If you’re an OPEC member other than Saudi Arabia, you’re probably wondering why you’re even participating in this anymore. This is obviously up to Donald Trump, Vladimir Putin and Mohammed Bin Salman and everybody else has been relegated to stage props. They might as well just make cardboard cutouts of the other delegates and ministers and arrange them around the room. No wonder Qatar is quitting.
Additionally, Saudi Arabia is chopping off its nose (with a bone saw) to spite its face. Bin Salman has a long list of domestic priorities he wants to fund and he also wants to justify the ~$456 quadrillion price tag he tried to assign to Saudi Aramco for that IPO that’s never going to happen. Now, he’s letting Donald Trump jeopardize that in the apparent interest of covering up the bungled assassination of a journalist in the back of the Kingdom’s Istanbul consulate.
This whole thing is absurd – stone, cold absurd.
And we haven’t seen the end of it either – we’re all going to be subjected to another round of these headlines tomorrow.

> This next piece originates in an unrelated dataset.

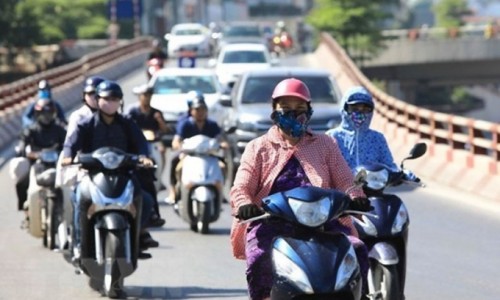 Nắng nóng tiếp tục gia tăng khắp Bắc bộ, có nơi trên 40 độ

Oh, and we also learned today that as of last week, the U.S. is officially an oil exporting country for the first time in seven decades
On that note, we’ll leave you with an excerpt from a BofAML note we highlighted “way” back on November 11:
The bigger question is how OPEC+ will factor in the US shale phenomenon this time around. After all, America used to spend 3% of GDP buying foreign energy in 2008 but it just became a net energy exporter thanks to surging domestic output. Whether measured in BTUs/oil barrels equivalent or in US dollars, we estimate that the reversal in energy balances from a deficit into a surplus likely occurred in October 2018. With oil prices falling by 20% from the highs in recent weeks, the next OPEC+ decision will have to factor in: (1) the massive 2+mn b/d YoY surge in US output and (2) the negative demand impact of the ongoing trade tensions.